Below is some data. Retype exactly the lines starting at the one with "Creativity Street 2400" and ending at the one with "Schulden Amerikaner Kredit".
(Data for analysis)
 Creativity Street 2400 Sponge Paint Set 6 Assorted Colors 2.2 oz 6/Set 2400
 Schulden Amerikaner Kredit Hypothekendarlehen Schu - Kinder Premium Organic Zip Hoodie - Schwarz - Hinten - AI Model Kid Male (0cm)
(End Data for analysis)
(Data for analysis)
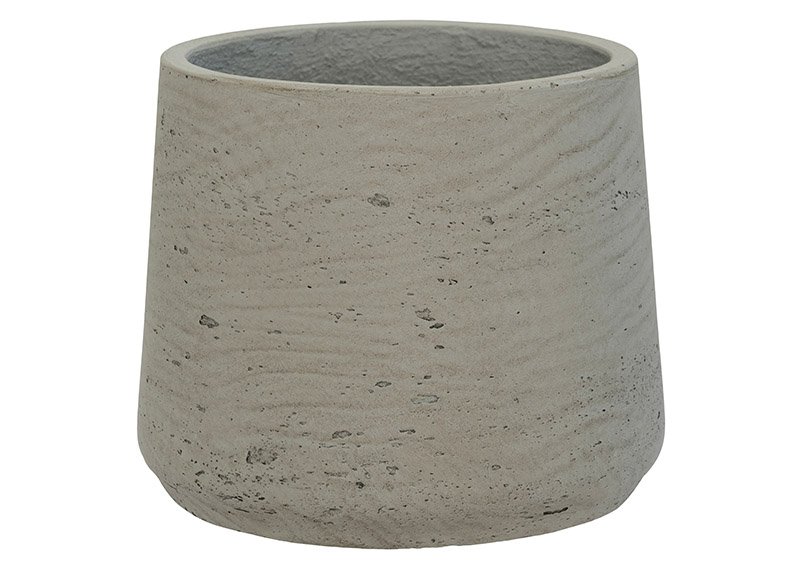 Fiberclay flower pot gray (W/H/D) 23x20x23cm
(End Data for analysis)
(Data for analysis)
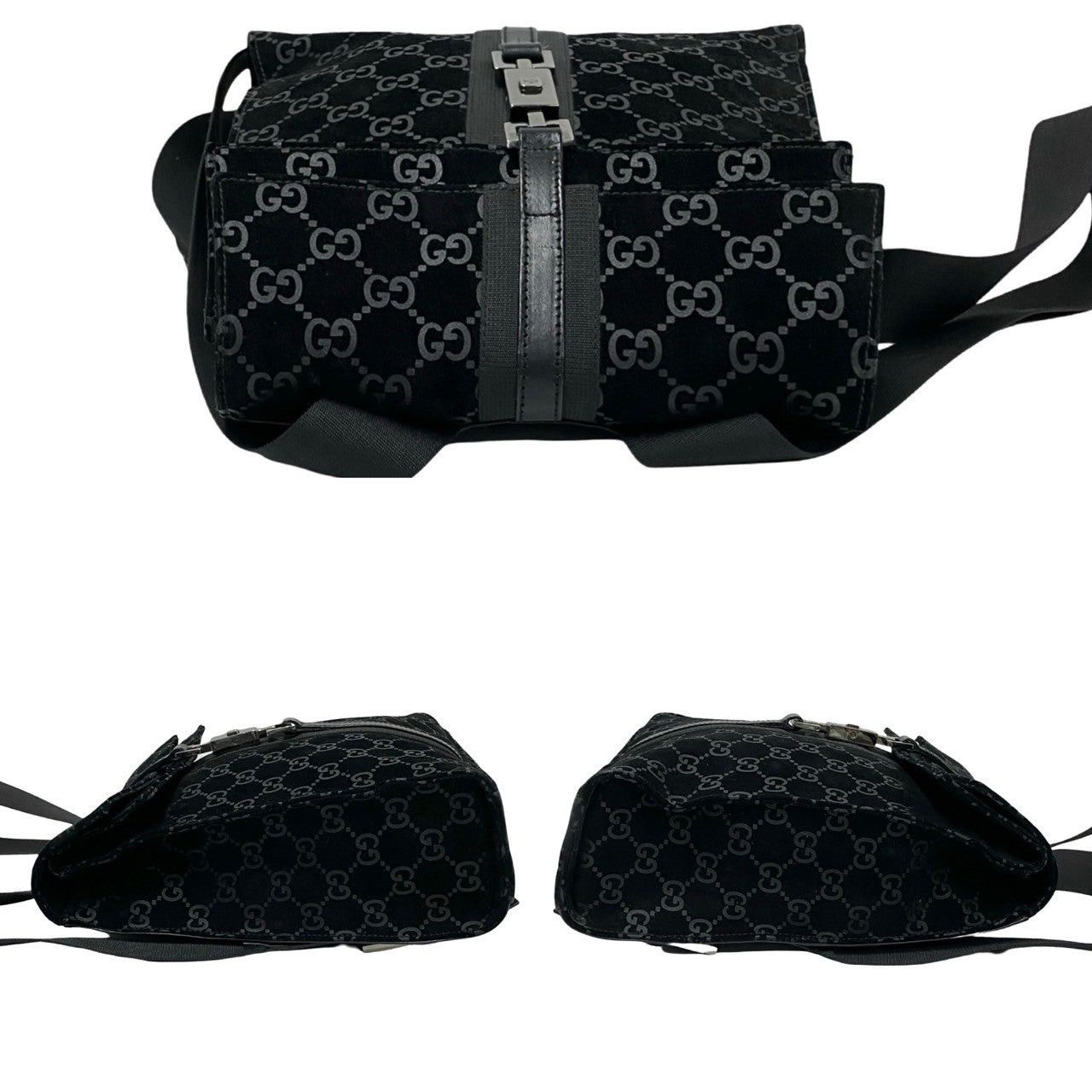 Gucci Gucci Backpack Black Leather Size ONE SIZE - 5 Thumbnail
(End Data for analysis)
• Exercise result:
 Creativity Street 2400 Sponge Paint Set 6 Assorted Colors 2.2 oz 6/Set 2400
 Schulden Amerikaner Kredit Hypothekendarlehen Schu - Kinder Premium Organic Zip Hoodie - Schwarz - Hinten - AI Model Kid Male (0cm)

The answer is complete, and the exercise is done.